The Death & Coping section uses powerful stories to remind medical students, family medicine residents and physicians of some key struggles that can accompany the care of dying patients: guilt, shame, fear, anger and the need to talk about what happened, Wienczkowski said.
“Narrative Medicine is about sharing specific stories so the original provider has a cathartic way to process that death, but also for others to learn through their experience,” he added.
Wienczkowski is looking for new submissions from practicing residents and physicians detailing how they’ve been impacted by their patients’ deaths.
“What did those deaths mean to you? How did they change you?
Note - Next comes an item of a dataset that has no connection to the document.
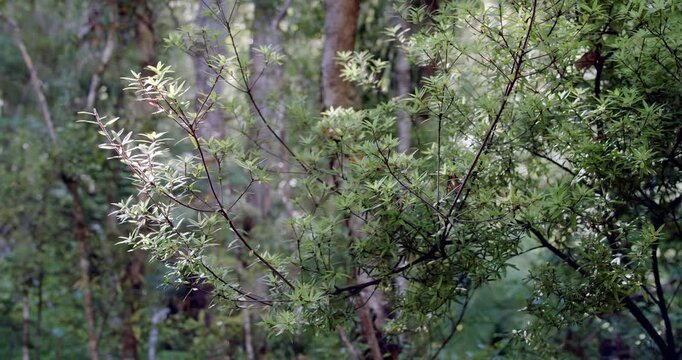 Foliage of a Young Kauri Branch - Native New Zealand Tree Detail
What did you learn?” he asked.
Family physicians, residents and medical students who are interested in participating can contact Wienczkowski at wienczkowski@etsu.edu.
Regarding family physicians’ ability to use the online resources to certify themselves as End of Life Literate,(endoflifeliteracy.com) Wienczkowski said this process is intended as a first step in standardizing the approach to teaching end-of-life care in medicine.
“Learners are guided through different patient scenarios, read articles (from) both academic and media (sources), watch TED Talks, read books about death and dying, and the experience culminates in writing a Narrative Medicine piece and having an end-of-life care conversation with a patient led by a senior resident or attending,” he said.
Takeaways, Next Steps
Wienczkowski said he hopes the End of Life Literacy resource can help reframe a physician’s perspective before entering a room to engage in these complex moments.
“A small example is at the end of each scenario, there’s a reminder to the learner that says: ‘May your words be kind, gestures gentle and compassion at the peak of your emotional capacity as a human when talking with families in these moments,'” he said.
“There’s no reason a young physician should feel terrified to enter a room and help guide a patient and their family in death and dying discussions.”
Wienczkowski plans to update the website periodically with new articles, videos and Narrative Medicine pieces.
“My vision is for End of Life Literacy to evolve into a platform that is the standard for teaching death and dying in medicine,” he said. “I’d like (to see) every medical school, every residency using this powerful tool to guide health care providers in having quality, educated and informed end-of-life care conversations with patients and their families.
“For now, I’m just trying to survive my intern year!” Wienczkowski said.